Romantic music is a term describing a style of Western classical music that began in the early 19th century; "romantic" is an adjective often used to describe music related to romance and love.
Romantic music as a movement evolved from the formats, genres and musical ideas established in earlier periods, such as the classical period, and went further in the name of expression and syncretism of different art-forms with music. Romanticism does not necessarily refer to romantic love, though that theme was prevalent in many works composed during this time period, both in literature, painting, or music. Romanticism followed a path that led to the expansion of formal structures for a composition set down or at least created in their general outlines in earlier periods, and the end-result is that the pieces are "understood" to be more passionate and expressive, both by 19th century and today's audiences.
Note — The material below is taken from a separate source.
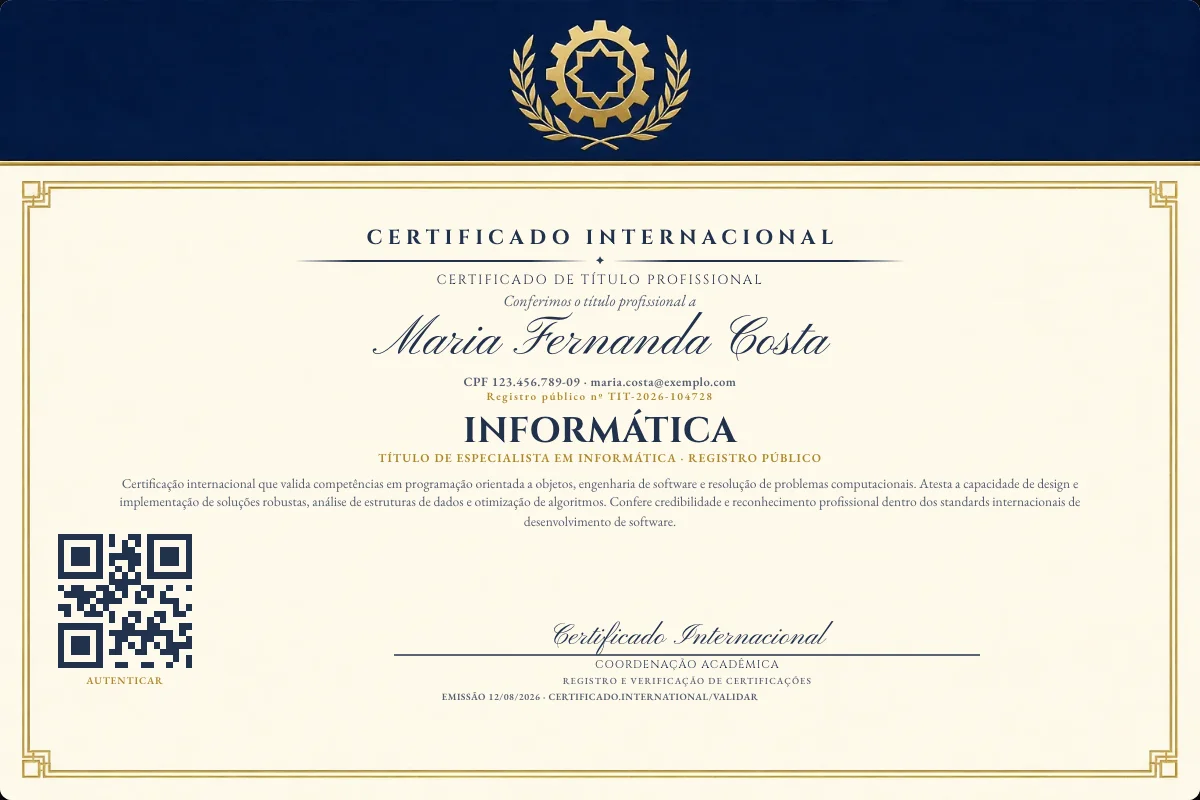 Certificado de Título profissional de Informática — modelo real com registro público. Documento de exemplo.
Because of the expansion of form (those elements pertaining to form, key, instrumentation and the like) within a typical composition, and the growing idiosyncrasies and expressiveness of the new composers from the new century, it thus became easier to identify an artist based on his work or style.
Romantic music attempted to increase emotional expression and power to describe deeper truths or human feelings, while preserving but in many cases extending the formal structures from the classical period, in others, creating new forms that were deemed better suited to the new subject matter. The subject matter in the new music was now not only purely abstract, but also frequently drawn from other art-form sources such as literature, or history (historical figures) or nature itself.